**The data**

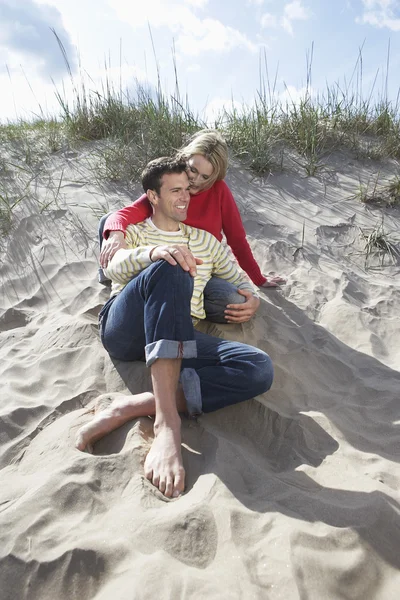 Pareja sentada en la playa — Foto de Stock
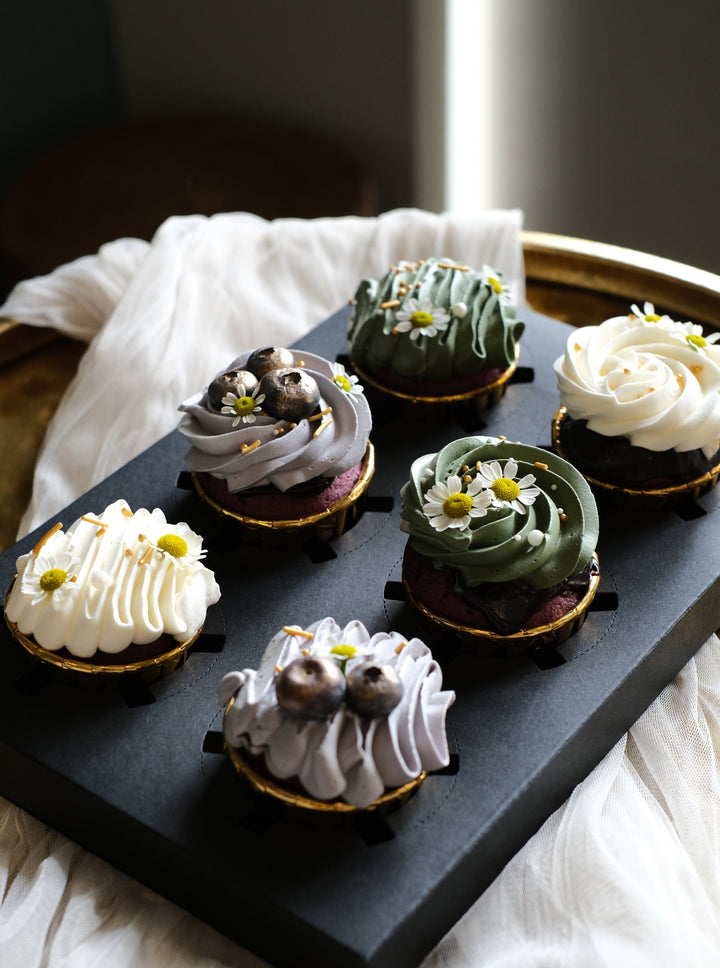 Berries velvet cupcakes, beautifully swirled with artisan fresh creams, garnished with gold dusted blueberries and fresh chamomile. Penang Cake Delivery, Penang Cake Delivery.  NOTE:  Strictly 3 days order in advance, deliveries limited to Island & Mainland Penang, Sungai Petani, Nibong Tebal, Jawi & Kulim.   For urgent orders kindly contact customer care for further assistance.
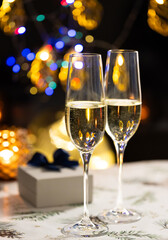 concept of celebrating christmas and new year, two glasses of champagne on the background of candles and colorful garlands, warm home traditional festive atmosphere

**Problem to solve**
Exclude all images and retype the data precisely.

**Answer to this exercise**
 Pareja sentada en la playa — Foto de Stock
 Berries velvet cupcakes, beautifully swirled with artisan fresh creams, garnished with gold dusted blueberries and fresh chamomile. Penang Cake Delivery, Penang Cake Delivery.  NOTE:  Strictly 3 days order in advance, deliveries limited to Island & Mainland Penang, Sungai Petani, Nibong Tebal, Jawi & Kulim.   For urgent orders kindly contact customer care for further assistance.
 concept of celebrating christmas and new year, two glasses of champagne on the background of candles and colorful garlands, warm home traditional festive atmosphere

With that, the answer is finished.